§ **Aim of the exercise**
This exercise needs the complete data reproduced exactly.

§ **Records supplied**
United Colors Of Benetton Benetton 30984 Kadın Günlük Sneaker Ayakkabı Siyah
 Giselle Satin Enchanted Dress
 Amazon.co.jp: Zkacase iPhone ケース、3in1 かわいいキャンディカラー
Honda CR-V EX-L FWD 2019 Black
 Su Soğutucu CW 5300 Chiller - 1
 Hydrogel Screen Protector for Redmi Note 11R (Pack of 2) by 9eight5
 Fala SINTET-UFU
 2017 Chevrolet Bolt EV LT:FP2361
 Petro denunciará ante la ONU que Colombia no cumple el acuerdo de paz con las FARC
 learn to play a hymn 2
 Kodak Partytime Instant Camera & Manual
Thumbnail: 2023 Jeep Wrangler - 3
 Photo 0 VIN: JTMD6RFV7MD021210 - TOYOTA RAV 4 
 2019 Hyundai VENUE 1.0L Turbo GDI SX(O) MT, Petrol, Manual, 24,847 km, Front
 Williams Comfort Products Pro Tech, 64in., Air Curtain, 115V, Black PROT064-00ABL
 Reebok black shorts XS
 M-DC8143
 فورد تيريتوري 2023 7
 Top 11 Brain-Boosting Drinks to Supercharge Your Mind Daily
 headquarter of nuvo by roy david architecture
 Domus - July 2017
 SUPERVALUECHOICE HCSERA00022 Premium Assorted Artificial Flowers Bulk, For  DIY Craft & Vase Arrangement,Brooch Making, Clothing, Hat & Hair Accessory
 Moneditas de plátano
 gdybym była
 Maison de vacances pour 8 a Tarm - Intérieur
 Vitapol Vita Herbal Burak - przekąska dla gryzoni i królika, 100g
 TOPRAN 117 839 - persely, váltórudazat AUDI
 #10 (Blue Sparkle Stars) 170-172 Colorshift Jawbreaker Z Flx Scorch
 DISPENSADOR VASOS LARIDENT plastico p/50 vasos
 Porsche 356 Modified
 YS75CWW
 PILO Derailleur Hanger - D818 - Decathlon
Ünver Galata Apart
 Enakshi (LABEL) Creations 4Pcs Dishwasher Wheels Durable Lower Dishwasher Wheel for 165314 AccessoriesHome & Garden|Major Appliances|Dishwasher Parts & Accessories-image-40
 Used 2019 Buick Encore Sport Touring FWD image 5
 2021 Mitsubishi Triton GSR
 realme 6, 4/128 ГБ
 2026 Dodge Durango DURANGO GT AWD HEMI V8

§ **Written reply**
United Colors Of Benetton Benetton 30984 Kadın Günlük Sneaker Ayakkabı Siyah
 Giselle Satin Enchanted Dress
 Amazon.co.jp: Zkacase iPhone ケース、3in1 かわいいキャンディカラー
Honda CR-V EX-L FWD 2019 Black
 Su Soğutucu CW 5300 Chiller - 1
 Hydrogel Screen Protector for Redmi Note 11R (Pack of 2) by 9eight5
 Fala SINTET-UFU
 2017 Chevrolet Bolt EV LT:FP2361
 Petro denunciará ante la ONU que Colombia no cumple el acuerdo de paz con las FARC
 learn to play a hymn 2
 Kodak Partytime Instant Camera & Manual
Thumbnail: 2023 Jeep Wrangler - 3
 Photo 0 VIN: JTMD6RFV7MD021210 - TOYOTA RAV 4 
 2019 Hyundai VENUE 1.0L Turbo GDI SX(O) MT, Petrol, Manual, 24,847 km, Front
 Williams Comfort Products Pro Tech, 64in., Air Curtain, 115V, Black PROT064-00ABL
 Reebok black shorts XS
 M-DC8143
 فورد تيريتوري 2023 7
 Top 11 Brain-Boosting Drinks to Supercharge Your Mind Daily
 headquarter of nuvo by roy david architecture
 Domus - July 2017
 SUPERVALUECHOICE HCSERA00022 Premium Assorted Artificial Flowers Bulk, For  DIY Craft & Vase Arrangement,Brooch Making, Clothing, Hat & Hair Accessory
 Moneditas de plátano
 gdybym była
 Maison de vacances pour 8 a Tarm - Intérieur
 Vitapol Vita Herbal Burak - przekąska dla gryzoni i królika, 100g
 TOPRAN 117 839 - persely, váltórudazat AUDI
 #10 (Blue Sparkle Stars) 170-172 Colorshift Jawbreaker Z Flx Scorch
 DISPENSADOR VASOS LARIDENT plastico p/50 vasos
 Porsche 356 Modified
 YS75CWW
 PILO Derailleur Hanger - D818 - Decathlon
Ünver Galata Apart
 Enakshi (LABEL) Creations 4Pcs Dishwasher Wheels Durable Lower Dishwasher Wheel for 165314 AccessoriesHome & Garden|Major Appliances|Dishwasher Parts & Accessories-image-40
 Used 2019 Buick Encore Sport Touring FWD image 5
 2021 Mitsubishi Triton GSR
 realme 6, 4/128 ГБ
 2026 Dodge Durango DURANGO GT AWD HEMI V8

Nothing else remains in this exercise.